From mboxrd@z Thu Jan  1 00:00:00 1970
From: Jeff Wiegley <jeffw@csun.edu>
Subject: Is disk order relative or are the numbers absolute?
Date: Fri, 25 Apr 2014 11:37:32 -0700
Message-ID: <535AAB6C.3010603@csun.edu>
References: <20140424070548.445497dd@netstation>	<20140424194832.2d0a867f@netstation>	<CAK_KU4a+Ep7=F=NSbb-hqN6Rvayx4QPWm-M2403OHn5-LVaNZw@mail.gmail.com>	<20140424203506.5fdee0d3@netstation>	<CAK_KU4Zh-azXEEzW4f1m=boCZDKevqaSHxW0XoAgRdrCbm2PkA@mail.gmailuplift.swm.pp.se>	<2ecef7f1-fde7-48c9-87bf-47ff617956b3@email.android.com> <CAK_KU4a0FCwG2fjAQYX4jM2xC9SbMc=qp_7T_v4hC5eztDFqOA@mail.gmail.com>
Mime-Version: 1.0
Content-Type: text/plain; charset="UTF-8"; format=flowed
Content-Transfer-Encoding: 7bit
Return-path: <linux-raid-owner@vger.kernel.org>
In-Reply-To: <CAK_KU4a0FCwG2fjAQYX4jM2xC9SbMc=qp_7T_v4hC5eztDFqOA@mail.gmail.com>
Sender: linux-raid-owner@vger.kernel.org
To: "linux-raid@vger.kernel.org" <linux-raid@vger.kernel.org>
List-Id: linux-raid.ids

I'm still trying to recover my array and I'm getting
close I think I just have to get the disk order
correct now.

Over the past year I've had a couple of failures.
and replaced disks. This changed drive numbers.

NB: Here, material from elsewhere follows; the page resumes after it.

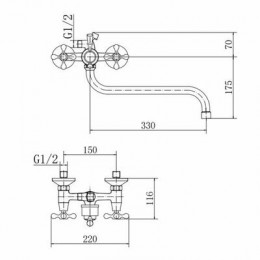 Смеситель для ванны и душа FASHUN хром (A2208)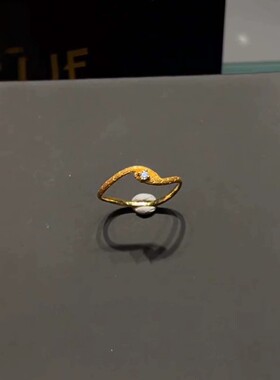 中古金色微镶闪钻拉丝灵蛇戒指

mdstat before everything went to hell was:
md4 : active raid6 sdf2[7](F) sda2[0] sdc2[2] sde2[4] sdb2[1] sdd2[6]
       10647314432 blocks super 1.2 level 6, 512k chunk, algorithm 2 
[6/5] [UUUUU_]

Does this indicate an order of:
0: sda2
1: sdb2
2: sdc2
3: ???? (previous dead drive I replaced I'm guessing)
4: sde2
5: ???? (second previously dead/replaced drive )
6: sdd2
7: sdf2 (which is currently dead/failed)

I have to recreate the array due to zeroing the superblocks
during install (though I have not changed partition tables or
ever caused a resync of any drives.

My question is I know I can get the five good drives recreated
into an array. but I don't know how to give them specific
numbers. I can get their relative order correct with:

--create --assume-clean ... /dev/sd{a,b,c,e,d,f}2 but
sde2 will be numbered 3, not 4. sdd2 will be 4, not 5.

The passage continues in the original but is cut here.